-- MATERIAL FOR THIS TASK follows --

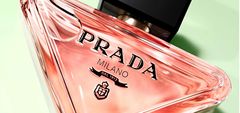 Prada Paradoxe - EDP 50 ml + EDP 10 ml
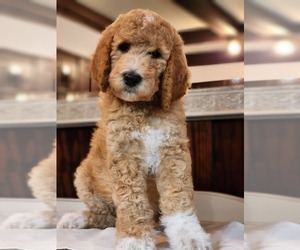 Poodle (Standard) Puppy for sale in CORYDON, IA, USA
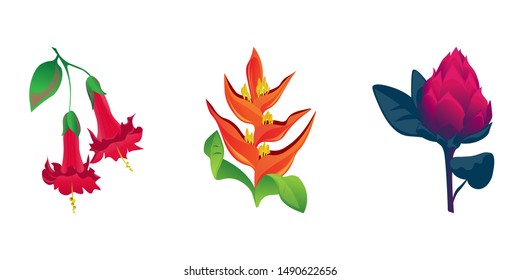 Red Angel Trumpet. Orange Heliconia. Red Vriesea. Vector illustration. Isolated illustration element. Floral botanical flower. Wild leaf wildflower isolated. Exotic tropical hawaiian jungle.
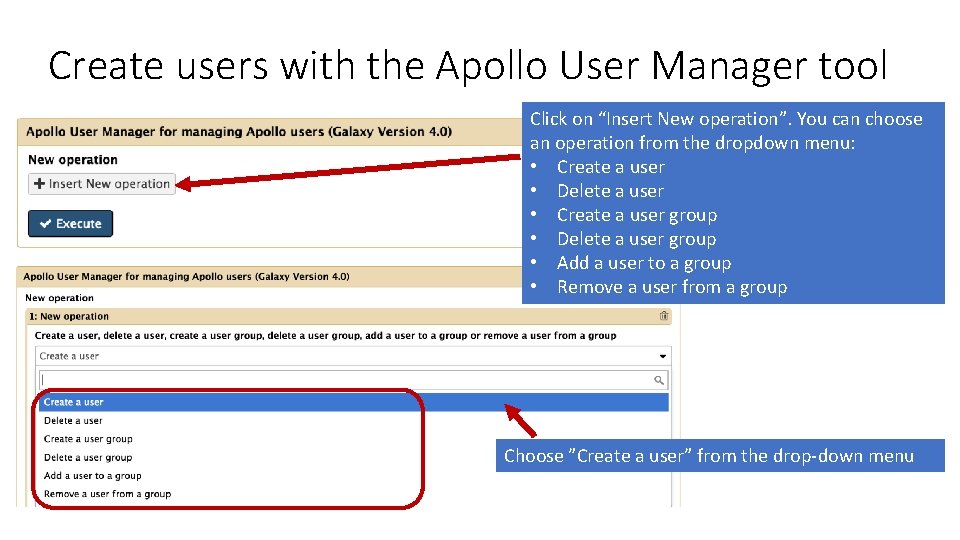 Create users with the Apollo User Manager tool Click on “Insert New operation”. You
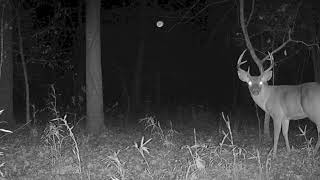 Strange Orbs Caught on Trail Camera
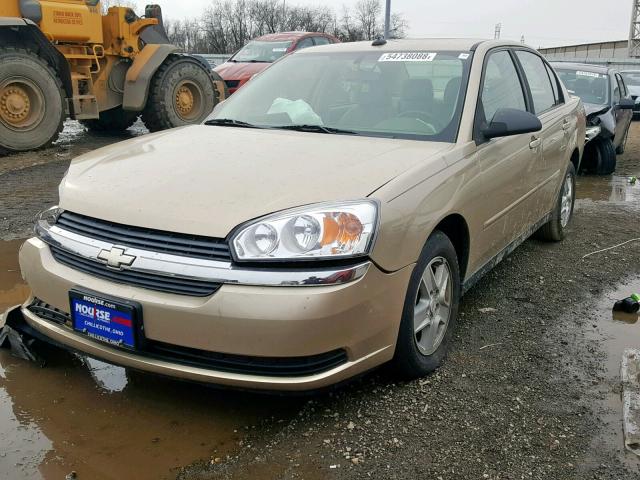 1G1ZT54885F310552 - 2005 CHEVROLET MALIBU LS 金色 照片 2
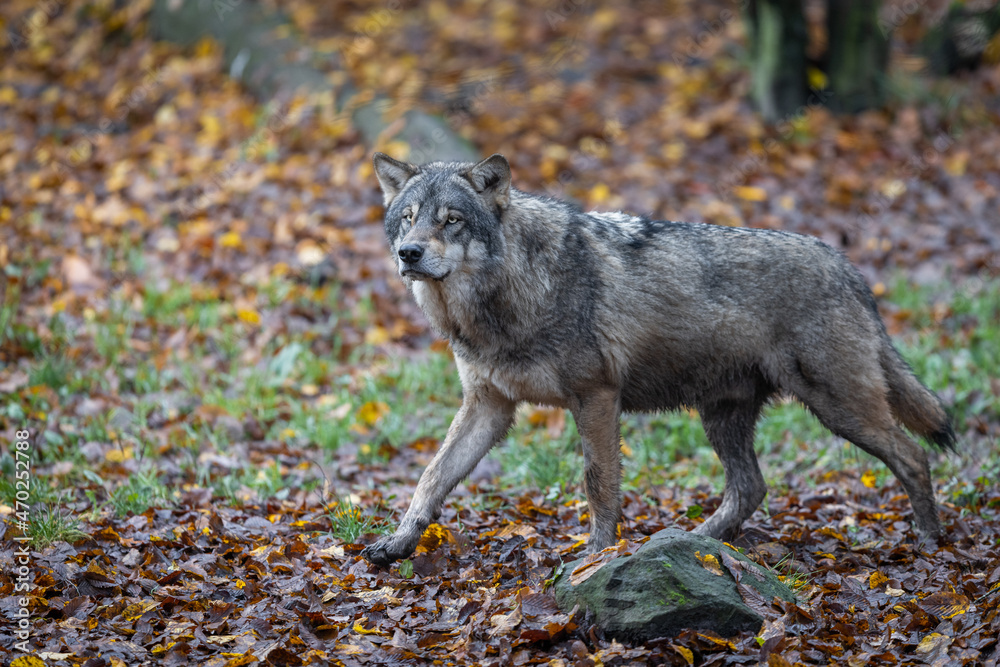 Obraz premium A grey wolf in the forest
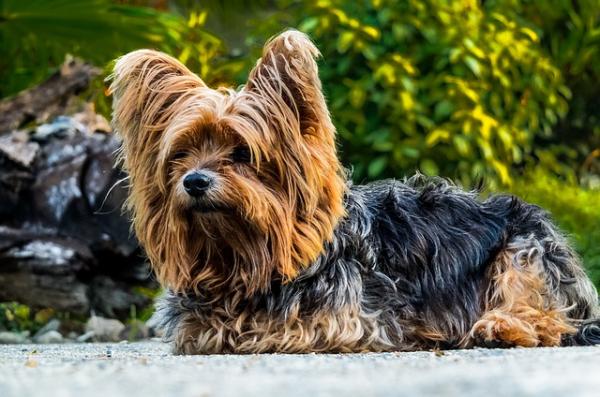 Nombres punjabíes para perros - Punjabi: un lenguaje de distinción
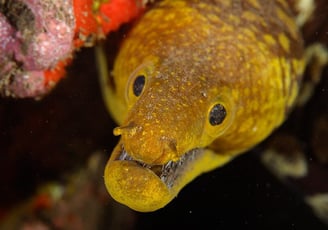 Mooray-eal in Garajau Nat Park Dive Reserve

-- MATERIAL FOR THIS TASK concluded --

## PROMPT
Although the records hold pictures, return only what remains, word for word.

## RESPONSE
 Prada Paradoxe - EDP 50 ml + EDP 10 ml
 Poodle (Standard) Puppy for sale in CORYDON, IA, USA
 Red Angel Trumpet. Orange Heliconia. Red Vriesea. Vector illustration. Isolated illustration element. Floral botanical flower. Wild leaf wildflower isolated. Exotic tropical hawaiian jungle.
 Create users with the Apollo User Manager tool Click on “Insert New operation”. You
 Strange Orbs Caught on Trail Camera
 1G1ZT54885F310552 - 2005 CHEVROLET MALIBU LS 金色 照片 2
 Obraz premium A grey wolf in the forest
 Nombres punjabíes para perros - Punjabi: un lenguaje de distinción
 Mooray-eal in Garajau Nat Park Dive Reserve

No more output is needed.